|
Boost : |
Subject: Re: [boost] [proposal] raw move (was: [interest] underlying type library)
From: Julian Gonggrijp (j.gonggrijp_at_[hidden])
Date: 2011-08-24 07:00:59
Gottlob Frege wrote:
> On Tue, Aug 23, 2011 at 11:12 PM, Gottlob Frege <gottlobfrege_at_[hidden]> wrote:
>>
>> raw_move assumes that later the algorithm will raw_move back into the
>> temporarily invalid source object. So sooner or later we write to
>> that memory. Depending on caching scenarios, it might actually be
>> faster to write to that memory *sooner*.
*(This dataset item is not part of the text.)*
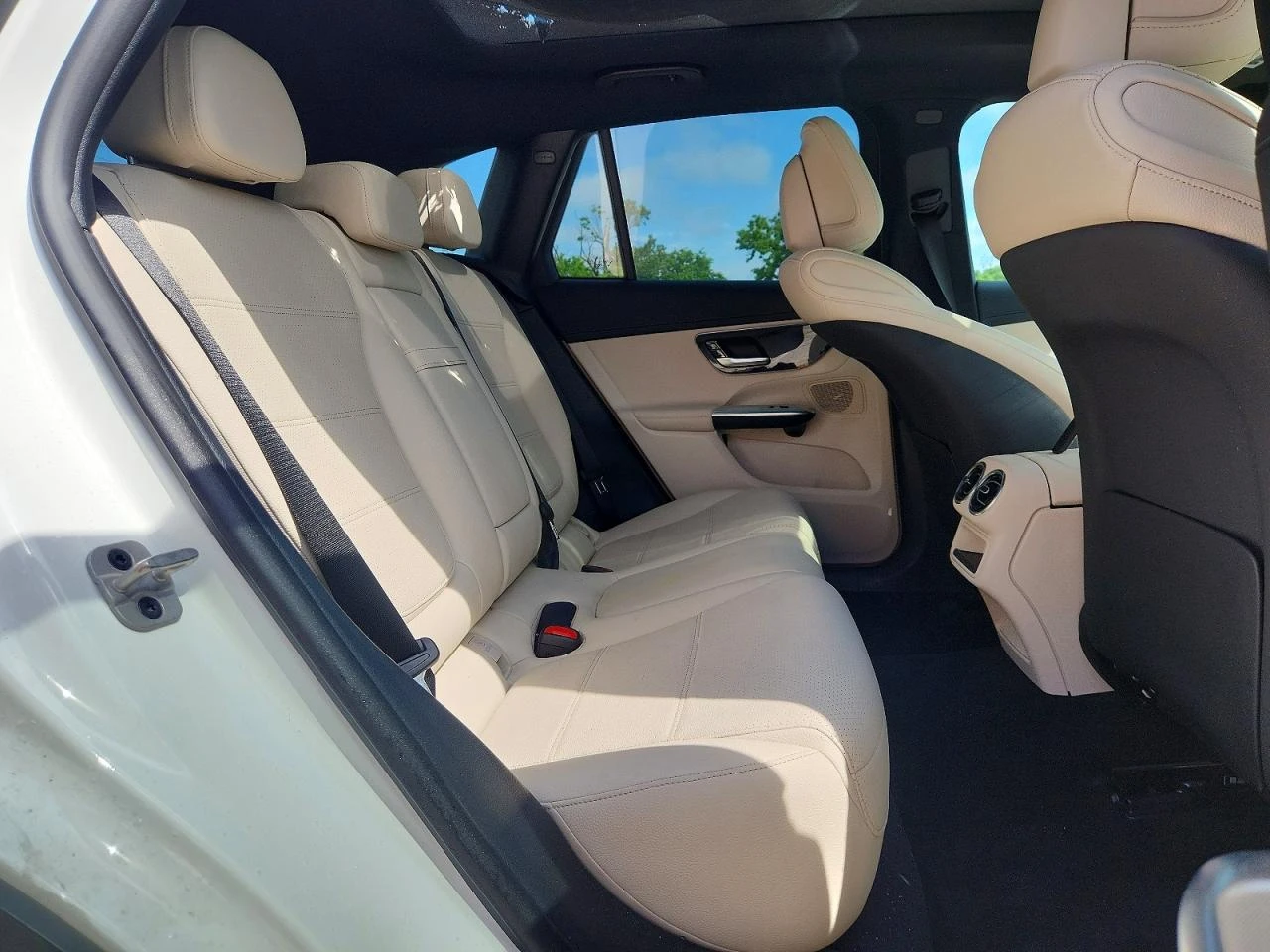 Mercedes-Benz GLC 300 2.0l 4Matic, снимка 11 - Автомобили и джипове - 54880030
We can write sooner, but that doesn't change anything to our need to
write later, does it? So either we write soon with zeros and later
with the new value, or we write only later with the new value.
Or are you saying that the compiler might be able to predict what
value we're going to move later and move that value sooner?
Or was your point maybe that reading the source object of a raw move
might not be enough to promote it in the cache, and that writing it
with zeros instead will therefore improve the speed of retrieval when
the object has become the target of a new raw move?
>> [...]
>> But I wouldn't be that surprised if raw_move offered no speed up in most cases.
To be honest, in the meanwhile I wouldn't be surprised about that
anymore either. Christopher Jefferson already argued quite
convincingly that there might be very little to gain. I'm still going
to write a benchmark, but I'm prepared for the possibility that it
will be no more than a benchmarking exercise.
> Particularly if you are still calling raw_move one container element at a time.
> If you really want to speed things up, you need to memcpy a whole
> block of objects at once. ie an array/vector of pods.
> If 100 elements is 100 memcpy calls, I'm not sure you will get much benefit.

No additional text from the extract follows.